Estas cifras globais escondem, além disso, a extraordinária brecha geográfica que divide a Grã Bretanha. O desemprego em uma cidade como Cambridge, tradicional centro universitário e berço eterno de Prêmios Nobel, é de 1,8%. Na nortista Hull são 8%. Se comparadas estas cifras com as de desocupação durante a crise de 2008, se nota que a brecha entre ambas as cidades duplicou de 3,1 % a 6,2%. Até os pobres destas cidades esquecidas, são muito mais pobres dos de lugares com mais linhagem. Nas zonas de maior exclusão social de outra cidade nortista, Rochdale, há seis vezes mais pessoas que recebem seguro-desemprego que em áreas similares de Cambridge.
As cidades com escasso investimento privado e as que têm uma forte presença de operários da indústria pesada são as mais atingidas pela atual crise. Esta situação não é nova, mas se aprofundou nos últimos dois anos. O drástico ajuste fiscal anunciado pela coalizão conservadora-liberal democrata em outubro de 2010 calculou que se produziria uma perda de cerca de 500 mil empregos no setor público até 2015, fim do período governamental. O cálculo, que produziu gritos de horror naquele momento, era até generoso: a conta final será de 700 mil pessoas na rua. A cidade com o mais baixo nível de emprego do Reino Unido, Swamsea, perderá 5,6% de seus postos estatais nos próximos quatro anos.
A indústria, que em um primeiro momento parecia escapar da crise graças à desvalorização da libra, sentiu no último meio ano o dobro do impacto da crise do euro e da própria contração do mercado interno. Longe de ser o motor de uma recuperação econômica, entrou novamente no plano inclinado que constitui sua existência desde o Thatcherismo. Se em 1979 havia uns sete milhões de operários, hoje a cifra é de 2,5 milhões e a sangria não parece ter terminado.

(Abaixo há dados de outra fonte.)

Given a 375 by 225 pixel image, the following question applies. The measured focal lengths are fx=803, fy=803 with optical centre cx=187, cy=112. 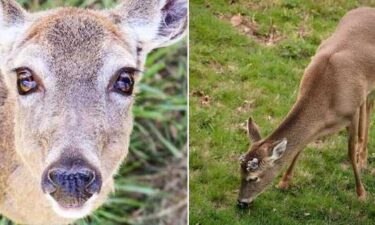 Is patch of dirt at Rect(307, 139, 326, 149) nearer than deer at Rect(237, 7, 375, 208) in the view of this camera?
No

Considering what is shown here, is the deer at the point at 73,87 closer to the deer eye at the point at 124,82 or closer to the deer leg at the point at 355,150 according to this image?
the deer eye at the point at 124,82

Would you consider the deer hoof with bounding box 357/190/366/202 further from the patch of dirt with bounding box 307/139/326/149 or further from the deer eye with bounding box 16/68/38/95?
the deer eye with bounding box 16/68/38/95

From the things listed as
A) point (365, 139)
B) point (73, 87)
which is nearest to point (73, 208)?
point (73, 87)

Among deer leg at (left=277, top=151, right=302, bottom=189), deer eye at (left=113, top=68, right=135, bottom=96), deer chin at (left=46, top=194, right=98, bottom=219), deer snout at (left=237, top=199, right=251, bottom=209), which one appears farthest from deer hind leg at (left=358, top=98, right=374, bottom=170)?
deer chin at (left=46, top=194, right=98, bottom=219)

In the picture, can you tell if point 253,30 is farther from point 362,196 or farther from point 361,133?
point 362,196

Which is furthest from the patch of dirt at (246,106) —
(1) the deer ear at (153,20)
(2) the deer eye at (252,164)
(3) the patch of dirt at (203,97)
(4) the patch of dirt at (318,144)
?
(1) the deer ear at (153,20) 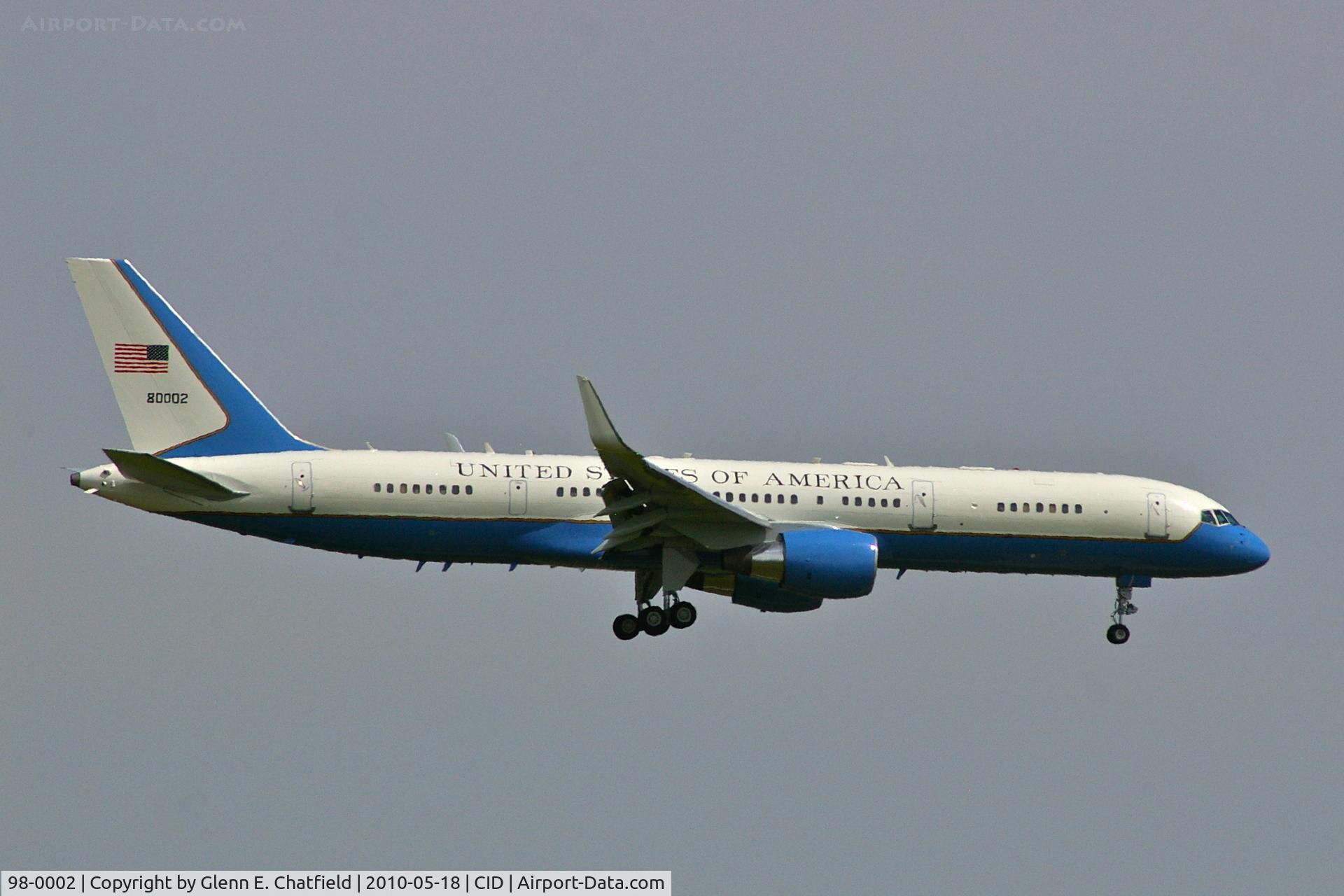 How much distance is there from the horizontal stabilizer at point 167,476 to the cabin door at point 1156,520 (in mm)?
22040

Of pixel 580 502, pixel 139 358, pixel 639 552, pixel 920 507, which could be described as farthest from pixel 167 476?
pixel 920 507

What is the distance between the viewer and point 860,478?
44344 millimetres

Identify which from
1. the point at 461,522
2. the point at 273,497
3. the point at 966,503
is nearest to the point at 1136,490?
the point at 966,503

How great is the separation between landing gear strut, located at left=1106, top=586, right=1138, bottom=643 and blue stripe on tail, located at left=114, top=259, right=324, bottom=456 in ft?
67.0

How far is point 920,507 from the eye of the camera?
44188mm

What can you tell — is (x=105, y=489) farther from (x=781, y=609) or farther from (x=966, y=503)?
(x=966, y=503)

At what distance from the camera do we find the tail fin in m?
42.4

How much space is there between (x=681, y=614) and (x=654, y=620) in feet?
2.22

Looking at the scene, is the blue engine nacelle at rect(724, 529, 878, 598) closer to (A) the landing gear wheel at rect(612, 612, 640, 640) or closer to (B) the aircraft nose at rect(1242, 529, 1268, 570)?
(A) the landing gear wheel at rect(612, 612, 640, 640)

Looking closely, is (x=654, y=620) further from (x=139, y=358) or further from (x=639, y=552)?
(x=139, y=358)

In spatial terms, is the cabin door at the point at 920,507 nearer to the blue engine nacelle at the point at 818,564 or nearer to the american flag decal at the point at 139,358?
the blue engine nacelle at the point at 818,564

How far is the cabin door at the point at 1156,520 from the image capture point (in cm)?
4578

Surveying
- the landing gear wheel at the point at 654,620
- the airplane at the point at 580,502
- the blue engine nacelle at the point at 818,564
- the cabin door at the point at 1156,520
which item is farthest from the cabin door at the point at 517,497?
the cabin door at the point at 1156,520

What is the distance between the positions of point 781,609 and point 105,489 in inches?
659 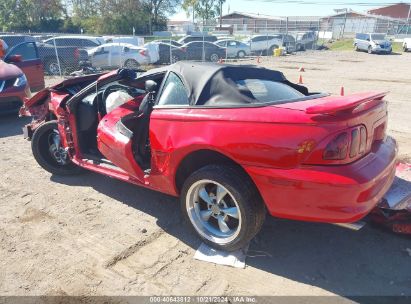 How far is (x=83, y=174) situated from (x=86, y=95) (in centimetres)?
119

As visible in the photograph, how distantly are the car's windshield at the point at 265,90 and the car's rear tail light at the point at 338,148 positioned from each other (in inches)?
28.1

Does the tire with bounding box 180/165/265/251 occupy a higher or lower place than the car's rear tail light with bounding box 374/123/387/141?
lower

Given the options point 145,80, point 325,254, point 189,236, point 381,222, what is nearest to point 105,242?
point 189,236

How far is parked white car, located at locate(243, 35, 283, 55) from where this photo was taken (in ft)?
97.6

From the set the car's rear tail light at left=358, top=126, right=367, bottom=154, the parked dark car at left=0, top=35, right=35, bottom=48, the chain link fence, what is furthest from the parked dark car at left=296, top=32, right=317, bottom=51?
the car's rear tail light at left=358, top=126, right=367, bottom=154

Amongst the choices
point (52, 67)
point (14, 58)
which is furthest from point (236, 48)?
point (14, 58)

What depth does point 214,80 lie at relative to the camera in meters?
3.21

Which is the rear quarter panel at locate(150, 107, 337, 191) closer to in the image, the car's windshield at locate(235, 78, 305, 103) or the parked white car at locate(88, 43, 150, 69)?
the car's windshield at locate(235, 78, 305, 103)

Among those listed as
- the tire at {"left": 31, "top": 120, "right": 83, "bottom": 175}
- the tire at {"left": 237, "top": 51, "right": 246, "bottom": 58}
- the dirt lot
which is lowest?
the tire at {"left": 237, "top": 51, "right": 246, "bottom": 58}

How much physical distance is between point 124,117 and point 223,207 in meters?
1.43

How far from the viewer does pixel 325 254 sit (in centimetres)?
311

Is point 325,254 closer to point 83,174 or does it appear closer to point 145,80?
point 145,80

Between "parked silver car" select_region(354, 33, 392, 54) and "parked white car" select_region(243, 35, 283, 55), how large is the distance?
761cm

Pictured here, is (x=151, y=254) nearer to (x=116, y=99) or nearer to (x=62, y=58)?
(x=116, y=99) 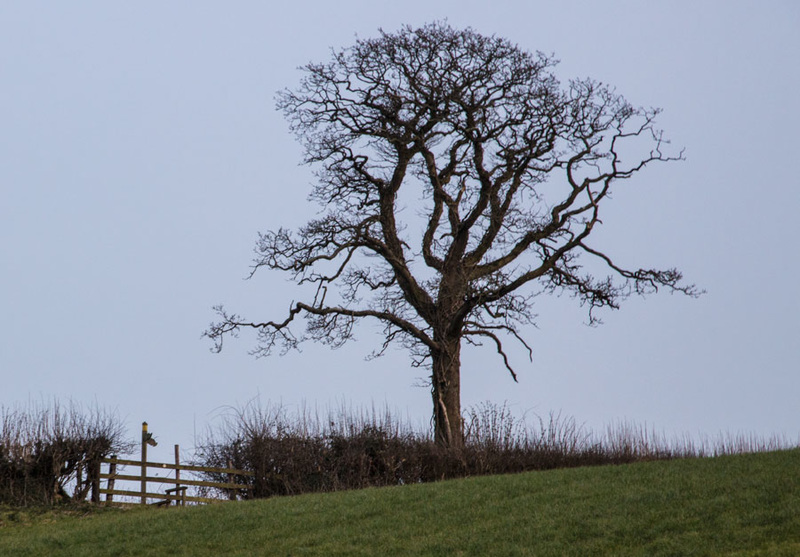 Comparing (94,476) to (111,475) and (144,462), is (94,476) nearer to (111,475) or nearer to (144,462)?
(111,475)

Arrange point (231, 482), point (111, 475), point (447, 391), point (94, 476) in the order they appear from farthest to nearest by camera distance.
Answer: point (447, 391), point (231, 482), point (94, 476), point (111, 475)

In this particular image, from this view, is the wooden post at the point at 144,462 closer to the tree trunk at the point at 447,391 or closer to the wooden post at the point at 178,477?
the wooden post at the point at 178,477

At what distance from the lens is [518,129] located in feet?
82.7

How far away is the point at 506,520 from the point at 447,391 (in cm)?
1083

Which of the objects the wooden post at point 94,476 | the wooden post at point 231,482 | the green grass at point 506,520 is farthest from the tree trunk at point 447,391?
the wooden post at point 94,476

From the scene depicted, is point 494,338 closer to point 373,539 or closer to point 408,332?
point 408,332

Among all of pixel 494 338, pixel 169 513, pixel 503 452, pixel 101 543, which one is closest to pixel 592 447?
pixel 503 452

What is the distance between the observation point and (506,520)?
42.7ft

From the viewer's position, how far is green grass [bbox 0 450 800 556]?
11273 millimetres

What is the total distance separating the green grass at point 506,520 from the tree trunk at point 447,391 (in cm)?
627

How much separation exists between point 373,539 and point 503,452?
9.20 m

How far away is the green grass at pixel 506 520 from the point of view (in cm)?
1127

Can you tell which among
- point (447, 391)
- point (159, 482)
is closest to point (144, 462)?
point (159, 482)

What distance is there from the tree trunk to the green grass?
6.27 m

Este panorama econômico tem um correlato social. O relatório mostra que seis cidades do norte, entre elas Liverpool, sofreram uma hemorragia populacional devido às escassas perspectivas econômicas. O pólo oposto são imãs como Cambridge que conseguiram desenvolver uma “indústria do conhecimento” com sua reputação de Silicon Valley inglês. Em 2010 registrou mais patentes por 100 mil residentes que as seis cidades que lhe seguiam na comparação.
O desemprego juvenil é particularmente preocupante. Em outra cidade, Grimsby, uma de cada dez pessoas com menos de 25 anos recebe o seguro-desemprego. Em York a proporção é um a cada 40. Apesar dos distúrbios que pipocaram nas zonas pobres das grandes cidades em agosto, segundo o Left foot Forward, um influente blog de centro-esquerda, não há políticas governamentais específicas que levem em conta esta disparidade geográfica. A diretora de Centre for Cities, Alexandra Jones, prevê um agravamento da atual situação. “Este ano vai ser muito duro. Algumas cidades já foram muito castigadas pela recessão. O governo deveria intervir mais ativamente para ajudar as cidades a se adaptarem à economia global”, destacou Jones.